Part 6: Texas Heritage Trails at 50: New Directions
On several occasions private sponsors helped make the Trails materials available. At the outset, in 1968 and 1969, Pearl Brewing branded and distributed a full-color booklet touting all ten trails. In 1991 Texas Monthly ran a series of supplements presenting updated descriptions of the trails, underwritten by GMC Trucks (Frost Bank would later support a similar program, in 2002–03).
But the 1990s brought another game-changer, with the first major national highway legislation since the Eisenhower era, the Intermodal Surface Transportation Efficiency Act (ISTEA). Among the law’s provisions was significant funding for enhancement of the travel experience, now that the Interstate system was largely complete. Efforts could be focused on preserving and promoting highways. Planting wildflowers, Creating new rest areas, maps, historical interpretation.
In 1997 the Texas legislature tapped the Texas Historical Commission, one of the original players on Connally’s five-agency Texas Travel Trails committee thirty years earlier, to devise a heritage tourism program for the state, and to tap into these federal funds.
The agency’s 1996–97 annual report noted “New Directions in Heritage Tourism” as a strategic priority. “This biennium, for the first time, the agency was appropriated funds to develop a heritage tourism program. It has been shown time and time again that visitors enjoy historic sites and are willing to spend their dollars touring and visiting these symbols of Texas history.” (A significant portion of that year’s brief report is devoted to plans for the new heritage tourism initiative, and it’s worth reading the entire document.)
TxDOT made tentative plans to merge the Travel Trails with a similar federal program of scenic byways, but the Texas legislature in 1997 instead tapped THC for the responsibility. THC, as custodians of the state’s past, found itself in the position of figuring out how best to use those assets for its future.
Someone—no one seems to recall who—in a September 1997 task force meeting, recalled the old Texas Travel Trails. It might have been the brainchild of Chairman John L. Nau himself. As the THC group defined it,
A Texas heritage trail combines natural, cultural and historic resources to form a cohesive, distinctive marketable unit that provides outstanding opportunities for conservation, heritage tourism, education, interpretation and recreation.
A Texas heritage trail may be defined by a common history or geography that links the resources to be preserved and marketed . . . Building on the trail’s unique identity, the program will stimulate the region’s economy, while fostering preservation efforts.
Revived and expanded to Heritage Trails Regions, the program would encompass all 254 counties this time around, and focus less on the driving tour than on the regional experience.
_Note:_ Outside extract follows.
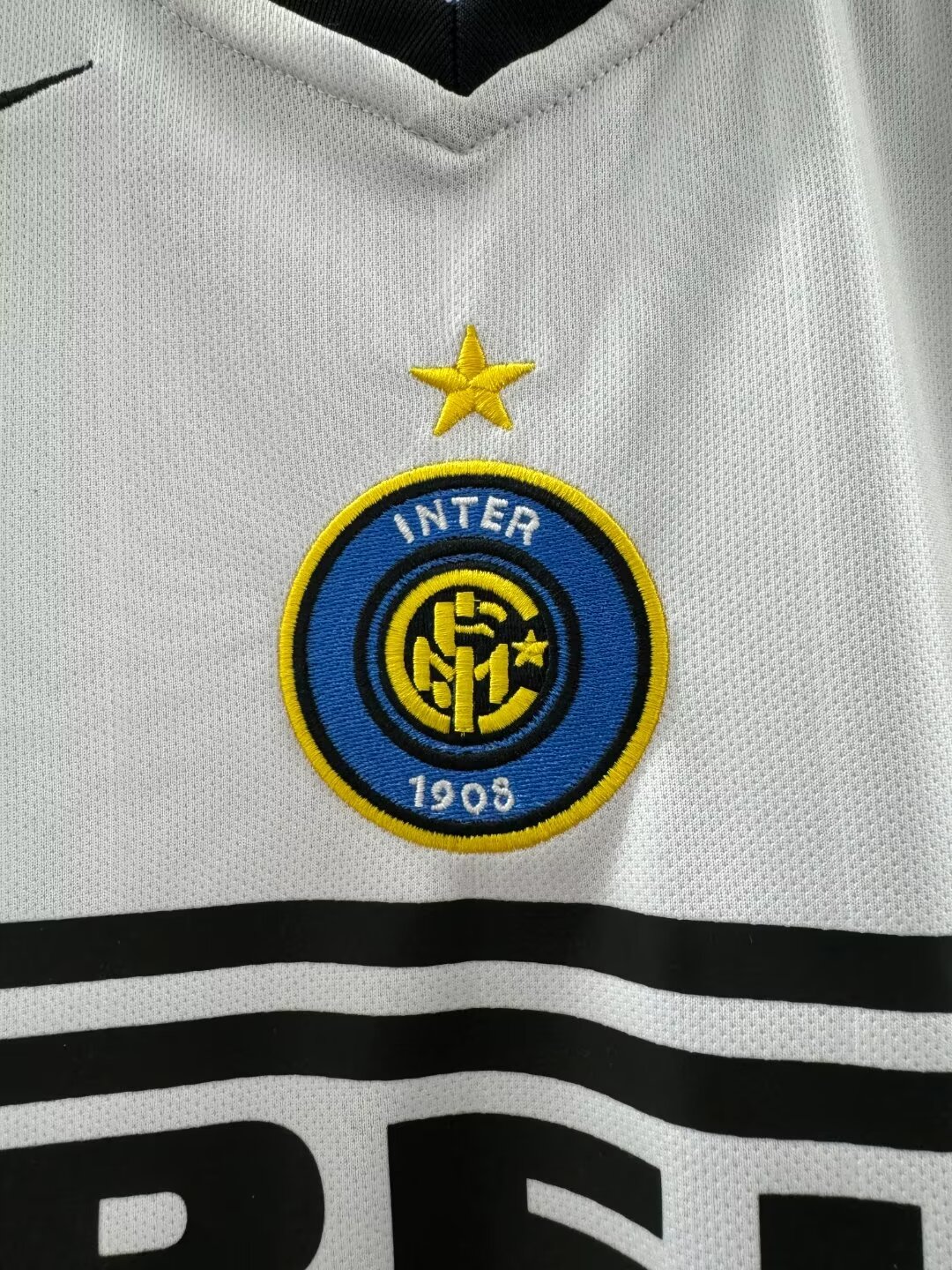 2004/05 Inter Milan away retro jersey - Fans Edition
Jim Kimmel and Andy Skadberg of Southwest Texas State University’s Center for Nature and Heritage Tourism were contracted to devise the plan.
Once again, counties, communities, and chambers were invited to submit proposals. Regions would operate under the THC’s umbrella as independent nonprofit organizations, each headed by a paid coordinator and run by a volunteer board. They would be financed initially by a three-year grant stemming from transportation enhancement funding, with the expectation that they would become self-sufficient through the development of partner or county contributions or other fund-raising efforts.
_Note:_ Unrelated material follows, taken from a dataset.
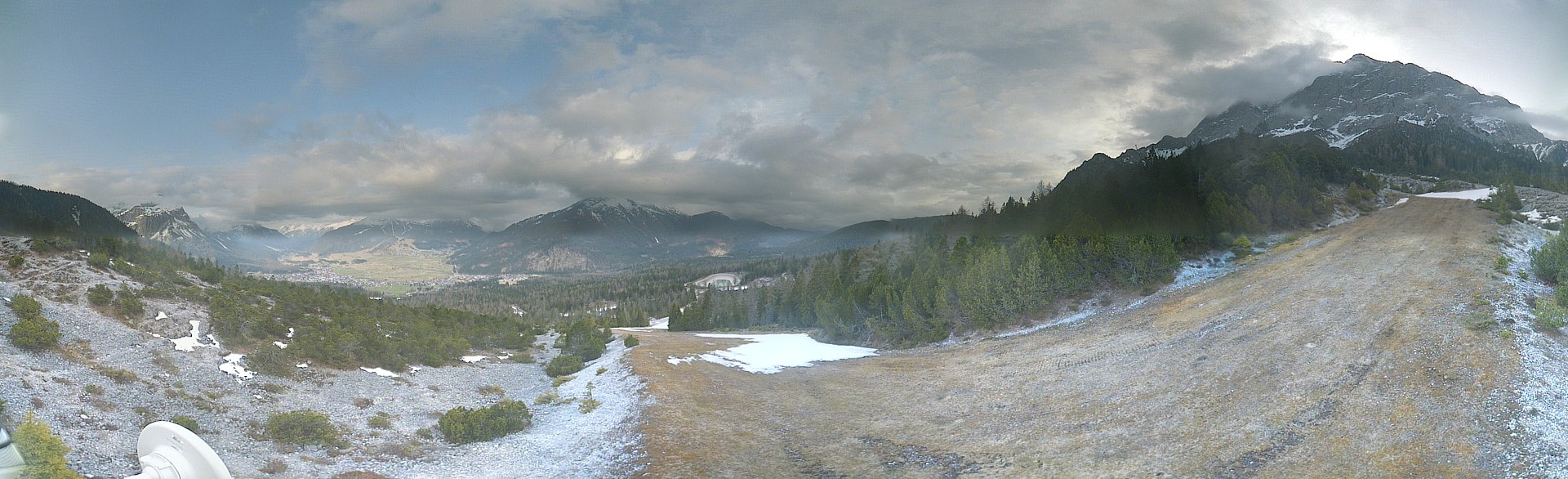 Archived image Webcam "Weißlähnabfahrt" ski slope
Janie Headrick of the Texas Historical Commission staff was the first statewide coordinator of the Trails program, which operated under the agency’s Community Heritage Division.
The application process was rigorous and lengthy, requiring the cooperation of numerous local organizations and demonstration of resources. Following the announcement of the Texas Forts Trail as the pilot program (a natural choice, as a local Texas Forts Trail was already in place to link several frontier forts and the Spanish presidio at San Saba), many groups vigorously lobbied the THC for inclusion. [68] In at least one part of the state — the Panhandle and Plains, local coalitions advocated for separate regions. But the original structure of ten trails prevailed.
The Texas Forts Trail Region debuted in 1998 with headquarters in Abilene. [69] A pilot study based on extensive site visits to the region was conducted and published in 1999, outlining mission and strategies. [70] Once again, caravans hit the road, and favorable publicity ensued. Forts was soon followed by the Independence, Forest, Lakes, and Brazos Trail Regions.
In West and South Texas, the process took a little longer, with the Texas Plains Trail Region coming on board in 2003, and Tropical, Pecos, Mountain, and Hill Country joining by 2006 to complete statewide coverage.
Thorough evaluations of each region’s heritage sites were conducted, with the assistance of THC staff, and these provided the raw material for the brochure series as well.